気心の知れた同僚に、つい仕事の愚痴を言いたくなる時もありますよね。今回は筆者が同僚たちと電車に乗った時に起きた、ヒヤッとする出来事を紹介します。上司の愚痴を言う同僚の背後にいたのは……?

同僚たちと電車に乗っていると、話題が上司の話に

これは、私が以前勤めていた職場で起こった出来事です。とある週末、会社帰りに同僚と飲みに行くことになりました。

いつもは職場の近くのお店で飲むのですが、夏ということもあり、「たまには繁華街にあるビアガーデンにでも行こう」という話になったのです。

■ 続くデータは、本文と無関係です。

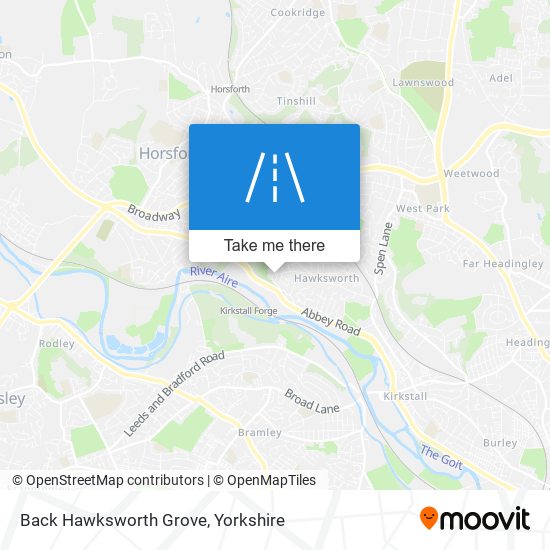 Back Hawksworth Grove map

ビアガーデンのある繁華街は、会社から電車で数駅のところにあります。私たちが電車に乗ると、運よくボックス席がまるまる空いていたので、全員で座ることができました。

近況を報告しあっていると、話題は自然と会社の話に。すると同僚のKくんが、パワハラ気質で有名なA課長について、「そういえば今日、A課長が新人に怒ってたの見た? あの怒り方はないよな!」と言い出しました。

「確かにそうだよね」と同意すると、Kくんは共感を得て気が大きくなったのか、続けて「今時あんな怒り方する上司ってA課長くらいじゃない? そのうちパワハラで訴えられて消えるのが目に見えてるよ!」と熱弁。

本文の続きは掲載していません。